**Work instruction:**
Nothing but the lines below from the one that contains "Wooden horizontal wall" through the one that contains "A kitchen with a sink and a window." should be retyped, exactly and including both ends. Do not include pictures.

**Data extracts:**

┄┄┄┄┄┄

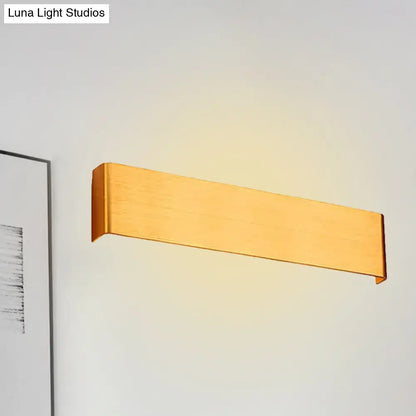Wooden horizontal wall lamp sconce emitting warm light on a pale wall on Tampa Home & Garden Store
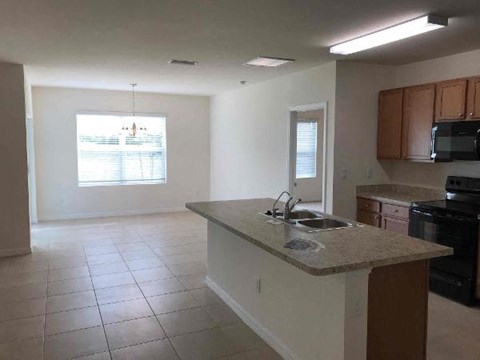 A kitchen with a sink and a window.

┄┄┄┄┄┄

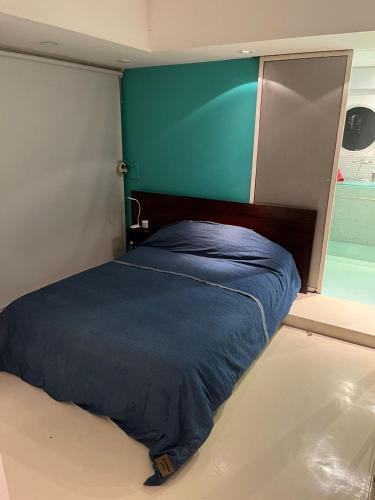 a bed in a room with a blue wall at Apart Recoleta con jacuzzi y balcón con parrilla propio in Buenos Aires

┄┄┄┄┄┄

**Solution to this task:**
Wooden horizontal wall lamp sconce emitting warm light on a pale wall on Tampa Home & Garden Store
 A kitchen with a sink and a window.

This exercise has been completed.